**WHAT IS EXPECTED**
Below are the records; repeat exactly their lines between the line holding "小姐姐 宽松牛仔外套搭配墨绿色裹身裙设计感,骨感腰身让穿搭更具魅力" and the line holding "Haute Couture - wysokie", inclusive, skipping the pictures.

**INPUT MATERIAL**
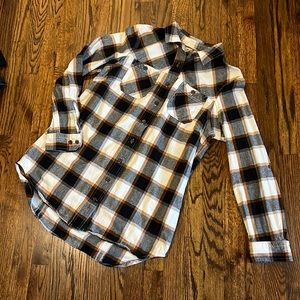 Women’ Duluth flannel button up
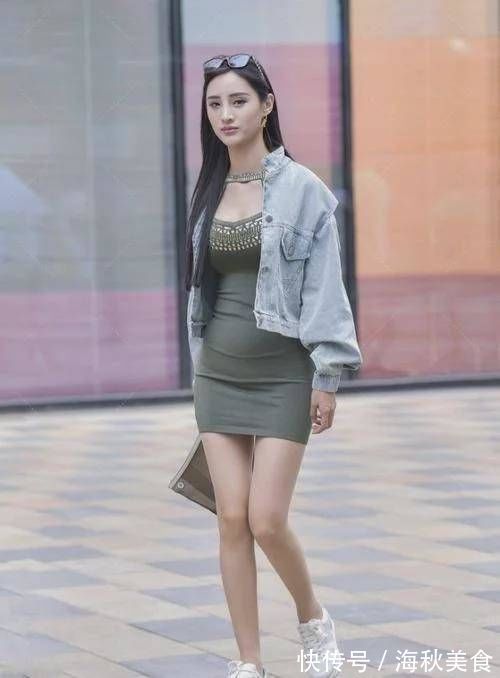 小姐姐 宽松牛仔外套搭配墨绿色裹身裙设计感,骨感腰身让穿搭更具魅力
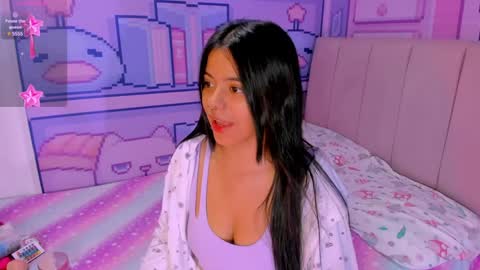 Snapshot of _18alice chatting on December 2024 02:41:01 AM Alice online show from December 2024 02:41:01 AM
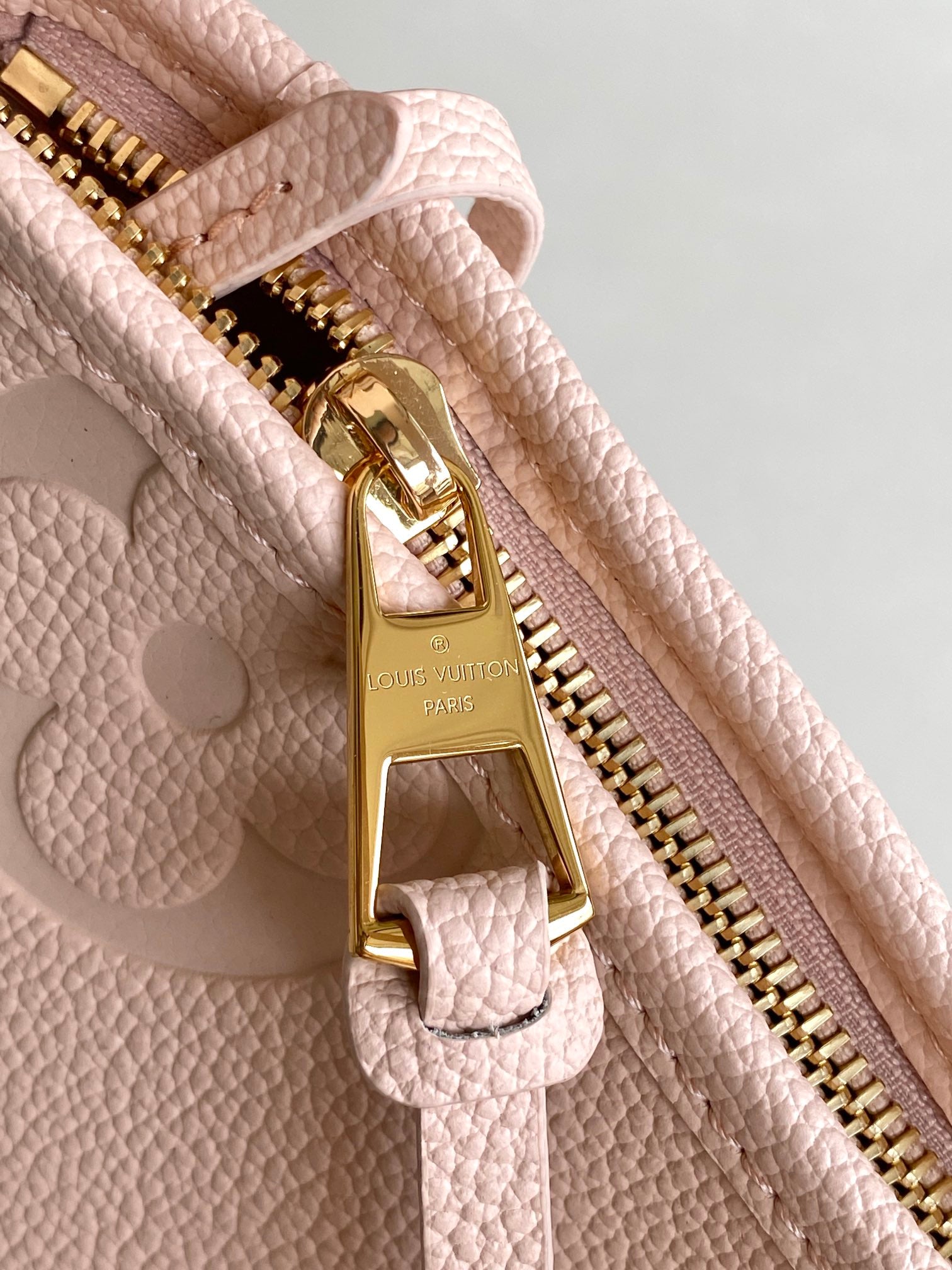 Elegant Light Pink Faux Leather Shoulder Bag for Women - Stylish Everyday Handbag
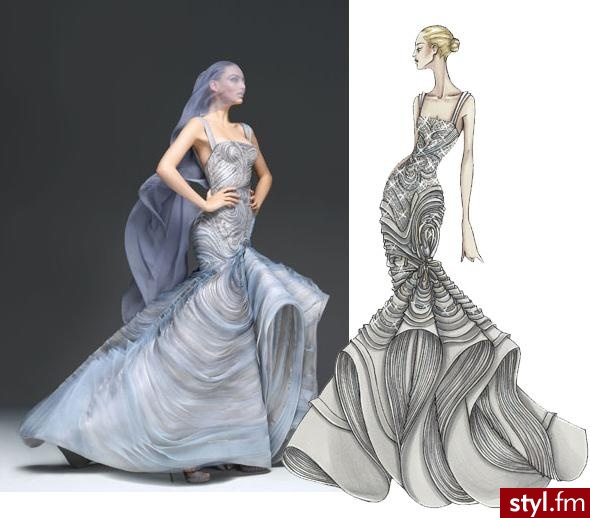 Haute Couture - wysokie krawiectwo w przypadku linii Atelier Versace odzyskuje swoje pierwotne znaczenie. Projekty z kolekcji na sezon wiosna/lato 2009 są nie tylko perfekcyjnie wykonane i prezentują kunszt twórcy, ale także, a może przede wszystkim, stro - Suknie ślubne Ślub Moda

==

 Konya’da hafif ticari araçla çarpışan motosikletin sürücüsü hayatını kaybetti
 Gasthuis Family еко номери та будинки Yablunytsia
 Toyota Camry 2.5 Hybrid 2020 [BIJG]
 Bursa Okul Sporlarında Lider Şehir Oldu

...

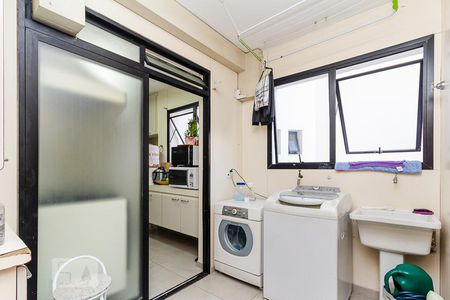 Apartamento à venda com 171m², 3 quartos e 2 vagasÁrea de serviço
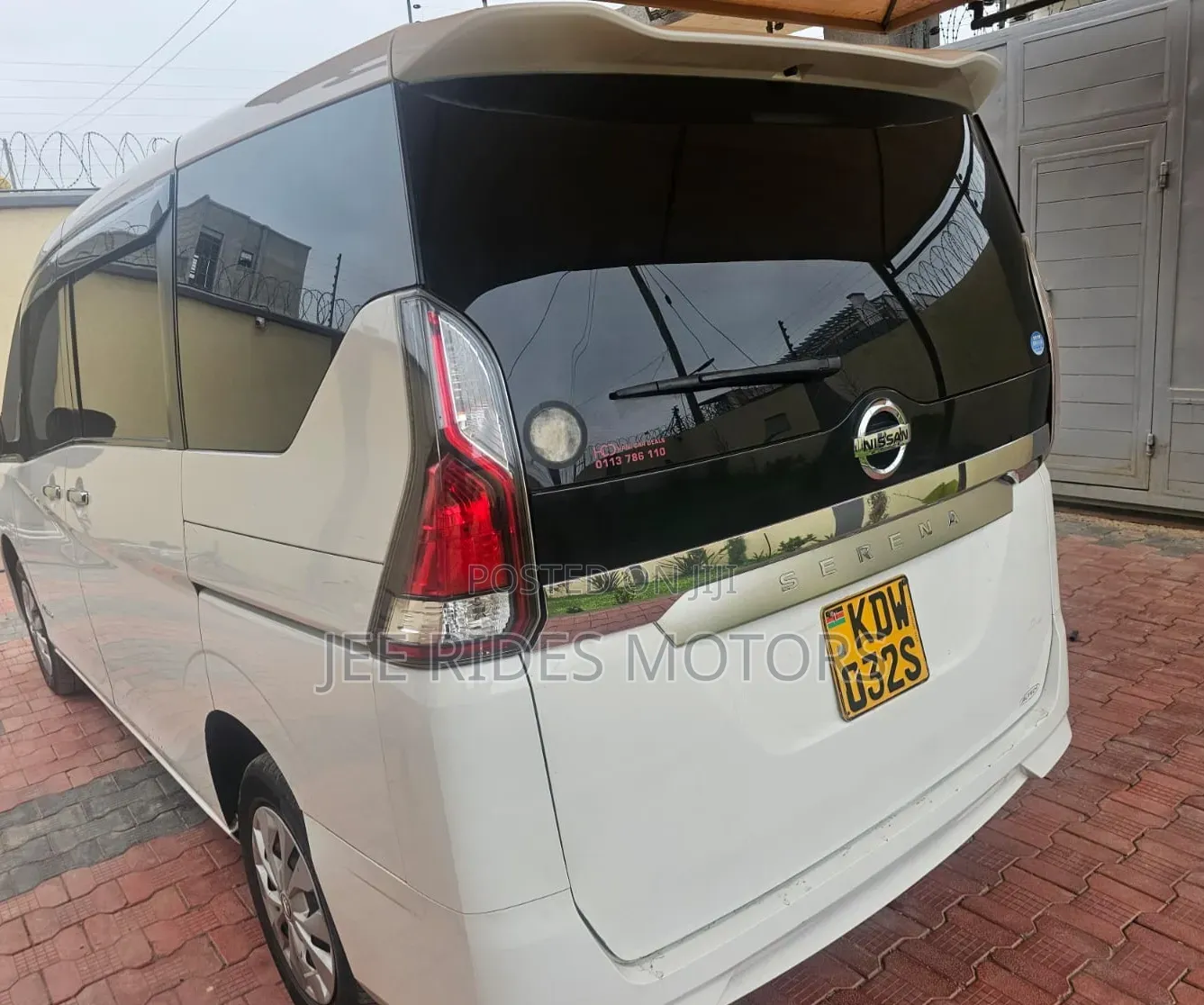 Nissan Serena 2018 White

**ANSWER BELOW**
 小姐姐 宽松牛仔外套搭配墨绿色裹身裙设计感,骨感腰身让穿搭更具魅力
 Snapshot of _18alice chatting on December 2024 02:41:01 AM Alice online show from December 2024 02:41:01 AM
 Elegant Light Pink Faux Leather Shoulder Bag for Women - Stylish Everyday Handbag
 Haute Couture - wysokie krawiectwo w przypadku linii Atelier Versace odzyskuje swoje pierwotne znaczenie. Projekty z kolekcji na sezon wiosna/lato 2009 są nie tylko perfekcyjnie wykonane i prezentują kunszt twórcy, ale także, a może przede wszystkim, stro - Suknie ślubne Ślub Moda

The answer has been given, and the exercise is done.